Smrk | |
---|---|
Tafelfichte | |
Elevation | 1,124 m (3,688 ft) |
Location | |
Location | Czech Republic, Poland |
Range | Jizera Mountains |
Smrk (German: Tafelfichte; Polish: Smrek) is the highest mountain in the Jizera Mountains of the Czech Republic at 1,124 m (3,688 ft). "The King of the Jizera mountains" lies south of Nové Město pod Smrkem. On the eastern rim of the plateau is the boundary with Poland, the Polish summit is 1,123 m (3,684 ft) high.
The summit offers a panoramic view to the prominent Sněžka peak of the Krkonoše range in the east, as well as to the Lusatian Highlands beyond the German border in the west up to the Boxberg Power Station.
The Tabulový kámen (Tafelstein), a stone monument, is found on the slope of Smrk. Since the Middle Ages it has formed the tripoint between the historic Upper Lusatian, Silesian and Bohemian lands of the Bohemian Crown. Between the 1742 Treaty of Breslau and the 1815 Congress of Vienna it was also the tripoint between the Electorate of Saxony, the Kingdom of Prussia and the Austrian Habsburg Monarchy.
The mountain got its name from a once mighty spruce tree that sat near landmark No. 111. After the Imperial generalissimo Albrecht von Wallenstein had been elevated to a Duke of Friedland, he nailed his coat of arms to it in 1628. This tree was uprooted, in 1790, by a storm.

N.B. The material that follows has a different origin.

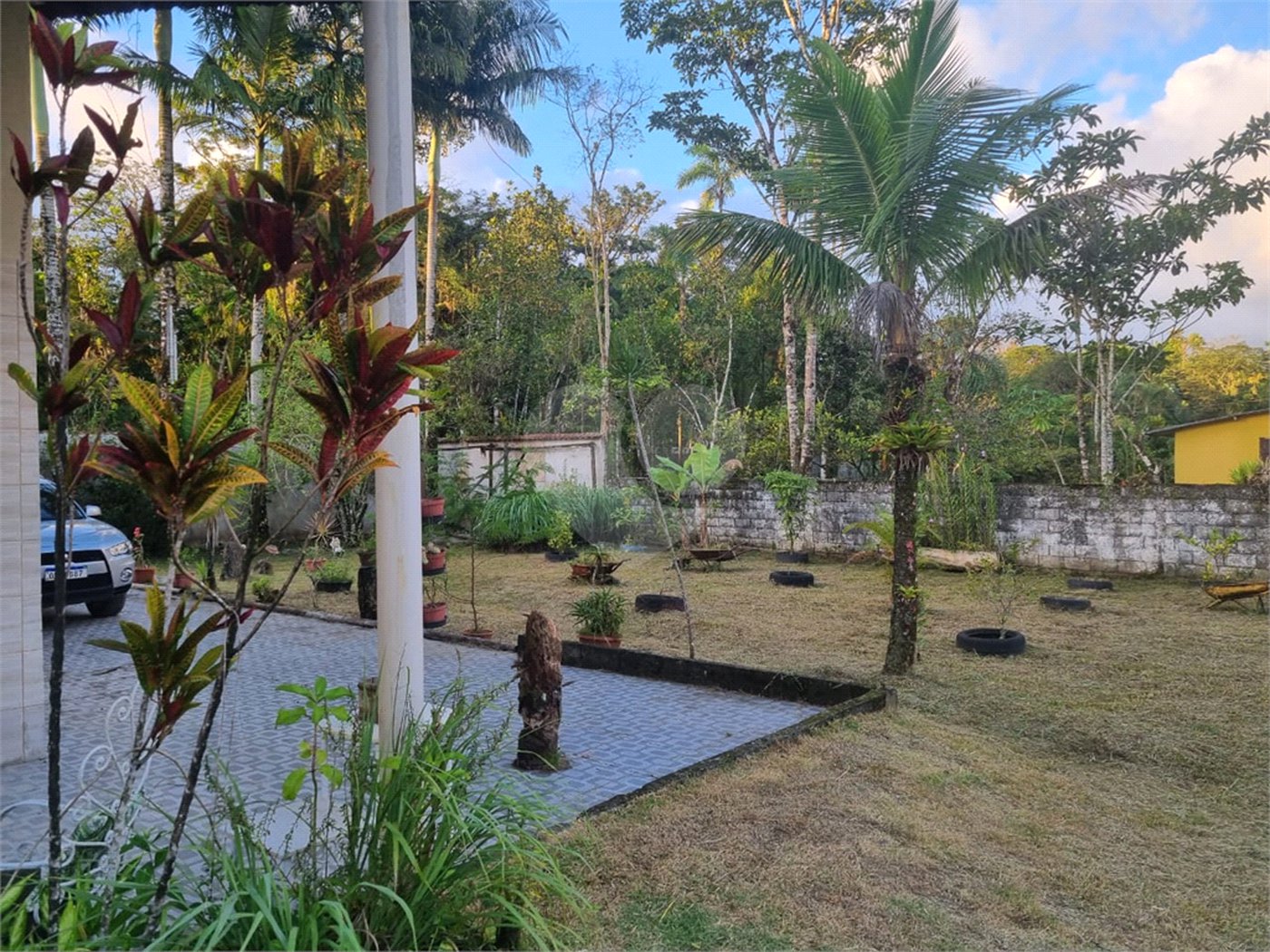 Chácara à venda com 4 quartos em Aguapeú, Itanhaém, SP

On 21 August 1892, the first wooden observation tower, which was 20 m (66 ft) high, was built atop Tafelfichte. The shelter used to house the construction workers was converted, after the tower's construction, to a cottage. Until 1935, up to 18,000 people per year visited the mountain.
After World War II the local German population was expelled and the cottage was deserted and looted. The abandoned cottage fell into disrepair and the tower collapsed in the 1950s. Over the following decades forest dieback, from parasites or acid rain, has cleared the peak of the mountain to the point where it is largely bare.

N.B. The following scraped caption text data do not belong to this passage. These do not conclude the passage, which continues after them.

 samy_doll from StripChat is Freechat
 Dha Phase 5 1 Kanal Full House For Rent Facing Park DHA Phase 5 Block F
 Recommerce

After the 1989 Velvet Revolution, plans were made to build a new tower. In 2002, construction began and on September 18, 2003 another 20 m (66 ft) high tower, this time made with steel, was inaugurated. In June 2009, a replica of the 19th century wooden tower was erected at the Prague Zoo.
In 1909, a memorial stone honoring the German poet Theodor Körner was erected at the summit to commemorate his stay a hundred years before.